§ PROBLEM DESCRIPTION: Return all the data verbatim but without images.

§ RECORDED DATA:
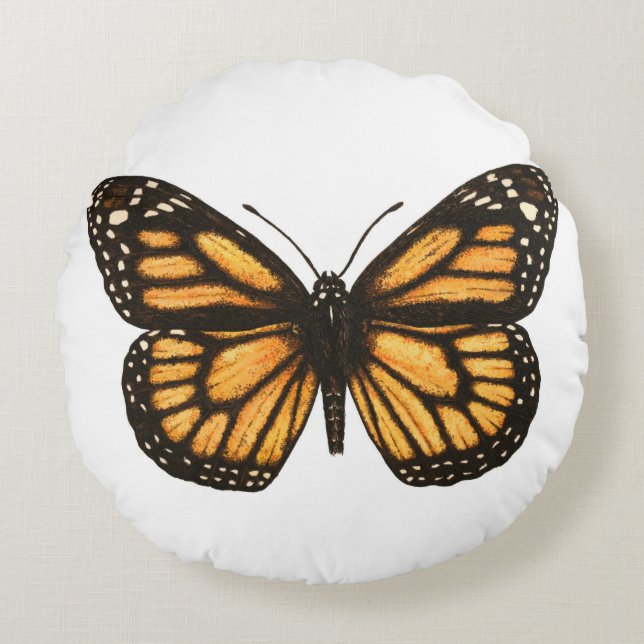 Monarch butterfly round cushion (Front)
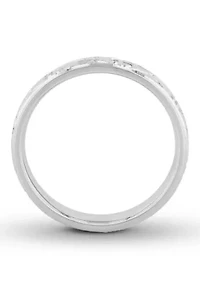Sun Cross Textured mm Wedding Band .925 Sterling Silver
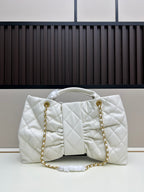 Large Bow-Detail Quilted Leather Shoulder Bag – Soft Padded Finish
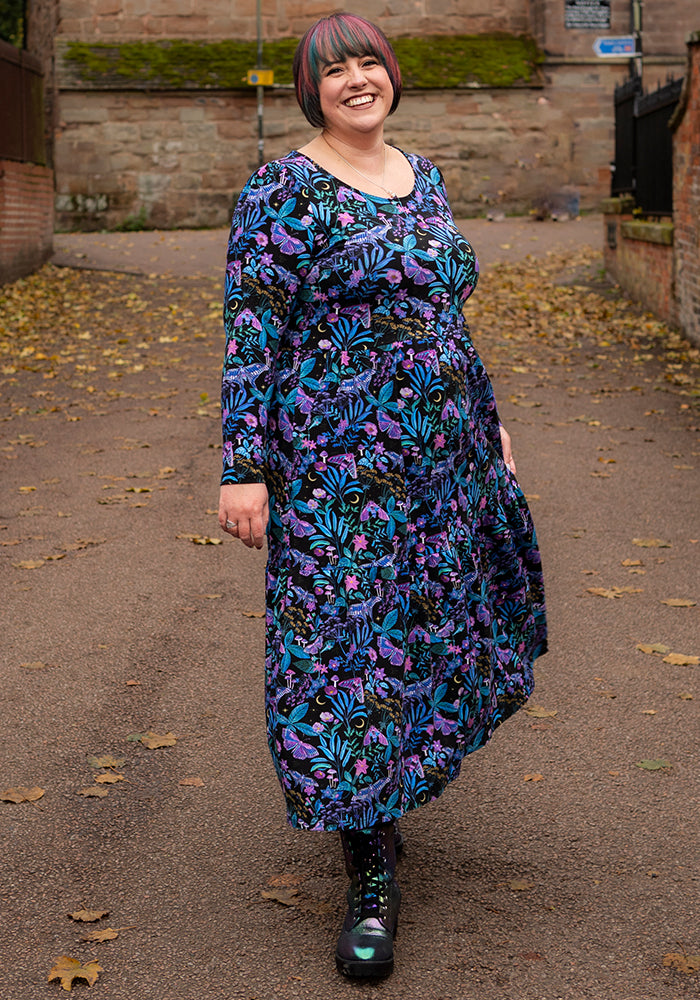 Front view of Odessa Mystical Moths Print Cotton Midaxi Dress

§ ANSWER BELOW:
 Monarch butterfly round cushion (Front)
Sun Cross Textured mm Wedding Band .925 Sterling Silver
 Large Bow-Detail Quilted Leather Shoulder Bag – Soft Padded Finish
 Front view of Odessa Mystical Moths Print Cotton Midaxi Dress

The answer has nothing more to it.